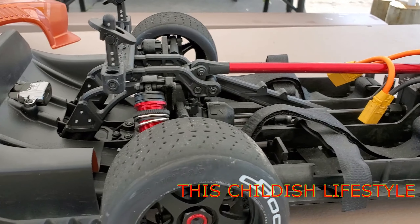They do a spec class with the Traxxas Vorteks, stock. If you want to run in there you can bring that too if you have one. I don't run that class, but you're more than welcome to.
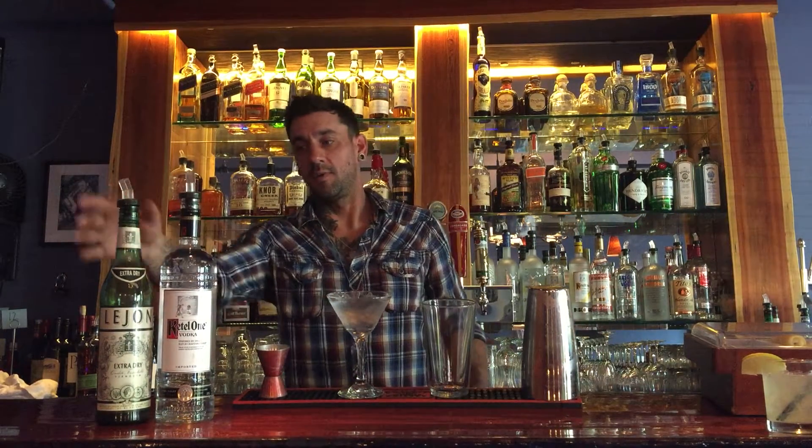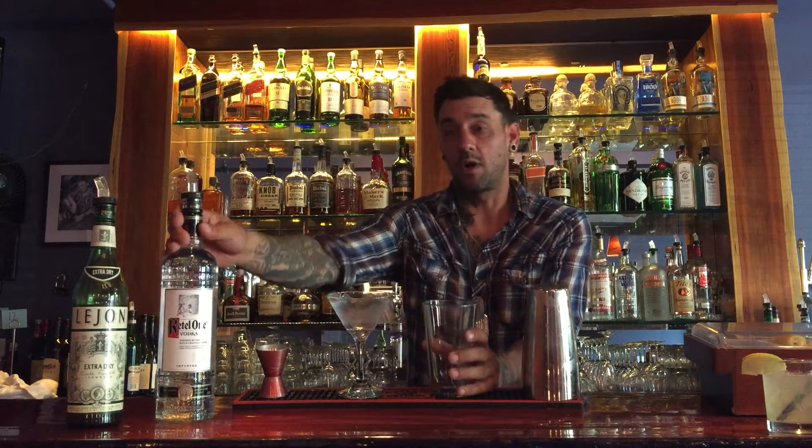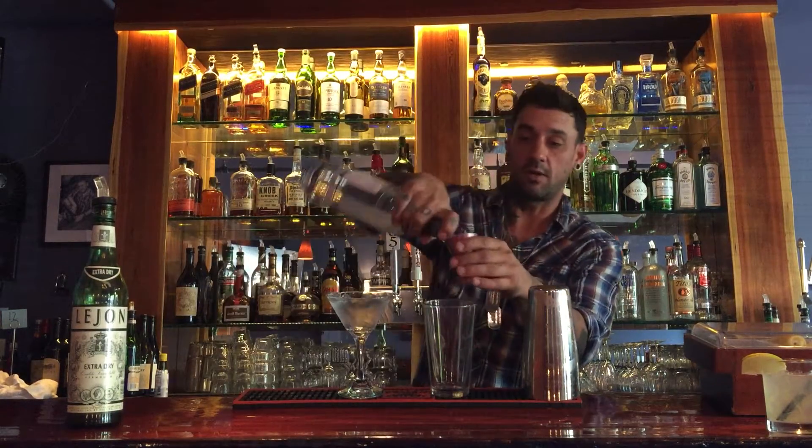This is Jonas here at the Mixed Lounge at 19 Broadway and we're going to be making just a traditional martini today. I've chosen Kettle One Vodka and we have a very nice dry. So we're going to start off with two measures of Kettle.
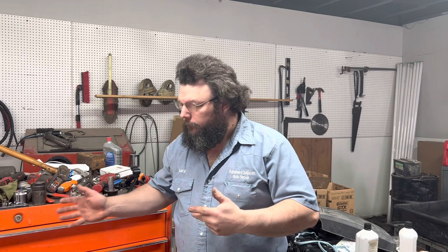Howdy y'all. You got the bulldog on the channel. What we run into every once in a while is we have a question: how accurate are our tools here?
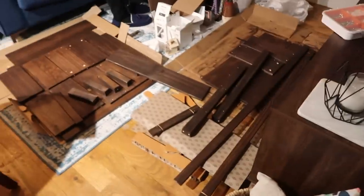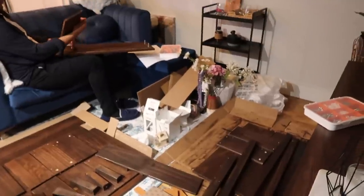I've officially finished staining absolutely every single piece, and now we are building the drawers — this is going to be a lot of fun.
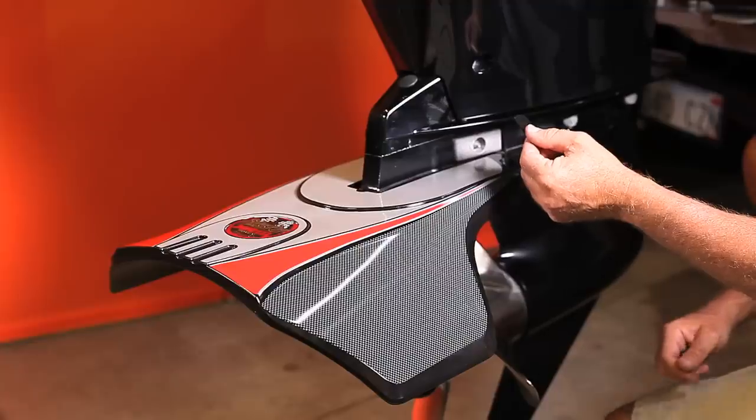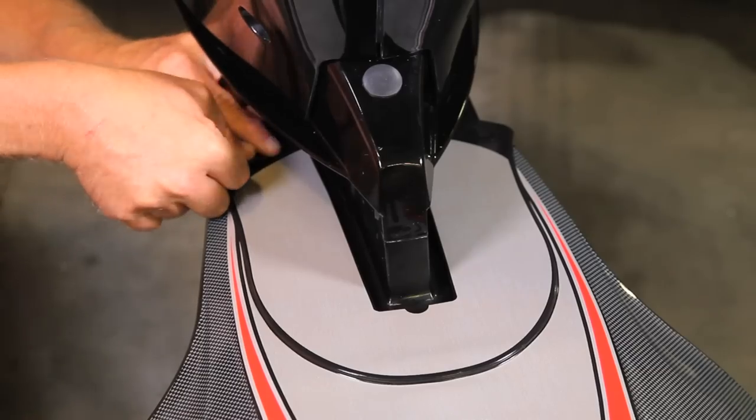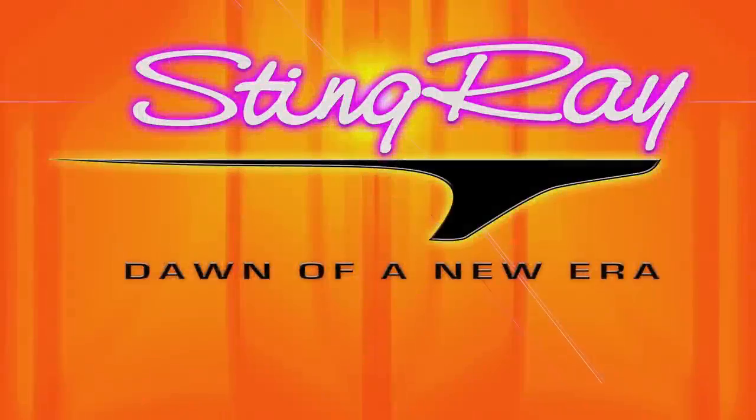Take the two speed caps and snap into place. Your Stingray XR3 is now properly installed.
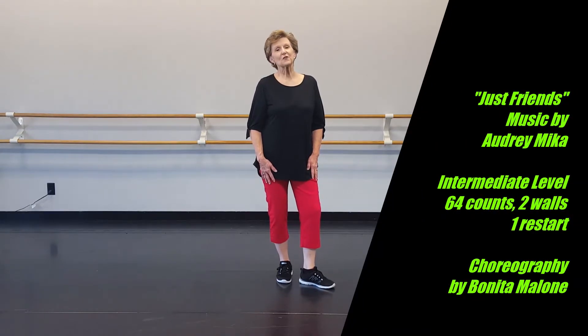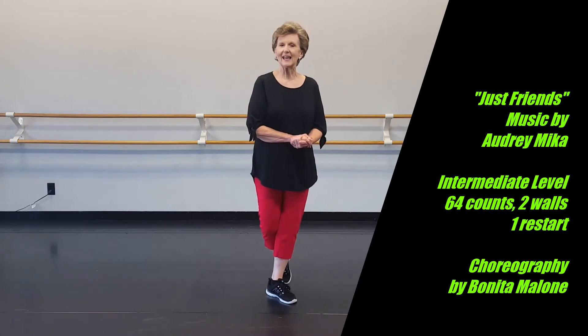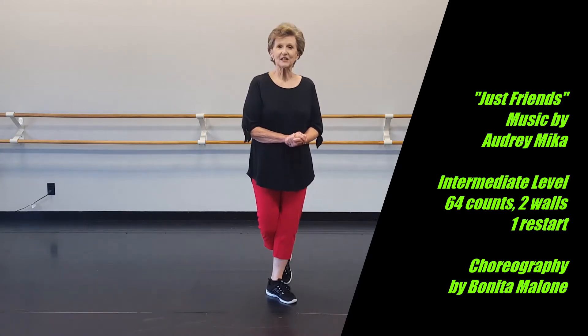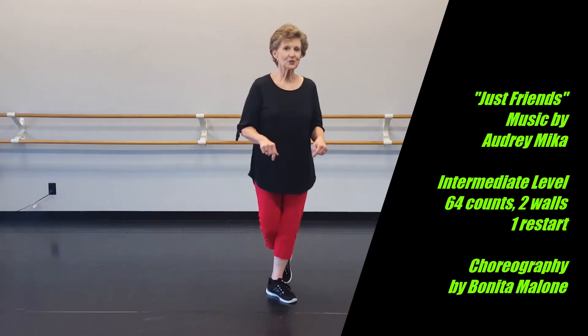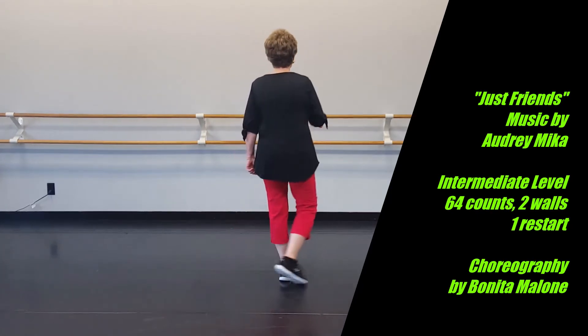I have a new intermediate level dance for you. This is Just Friends. The music is by Audrey Mika, M-I-K-A. The dance is 64 counts, two walls. There is one restart after 48 counts of wall two. I'm in a different room than normal, wearing different shoes so that you can see my feet. The shoes are sticking to the floor, so I'm struggling just a little bit. Bear with me. We're starting 12 o'clock.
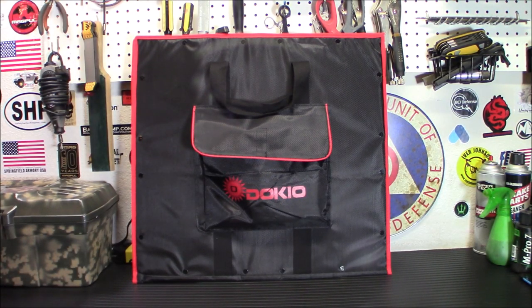Hey everybody, welcome back. You've been watching me do a lot of solar projects lately — a lot of battery backups — and maybe you want to get started but you think it's kind of complicated or really expensive. I'm going to show you a kit today that I picked up that's going to make this so easy for you when we come back.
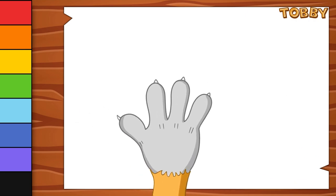Hello everyone, I'm Toby. Today I will draw a fish and paint it. Join me.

## Problem statement
Your task is to reproduce exactly the lines running from the line that contains "Howdy y'all. You" to the end of the records, pictures excluded.

## Exercise solution
Howdy y'all. You got the bulldog on the channel. What we run into every once in a while is we have a question: how accurate are our tools here?
I've officially finished staining absolutely every single piece, and now we are building the drawers — this is going to be a lot of fun.
Take the two speed caps and snap into place. Your Stingray XR3 is now properly installed.
I have a new intermediate level dance for you. This is Just Friends. The music is by Audrey Mika, M-I-K-A. The dance is 64 counts, two walls. There is one restart after 48 counts of wall two. I'm in a different room than normal, wearing different shoes so that you can see my feet. The shoes are sticking to the floor, so I'm struggling just a little bit. Bear with me. We're starting 12 o'clock.
Hey everybody, welcome back. You've been watching me do a lot of solar projects lately — a lot of battery backups — and maybe you want to get started but you think it's kind of complicated or really expensive. I'm going to show you a kit today that I picked up that's going to make this so easy for you when we come back.
Hello everyone, I'm Toby. Today I will draw a fish and paint it. Join me.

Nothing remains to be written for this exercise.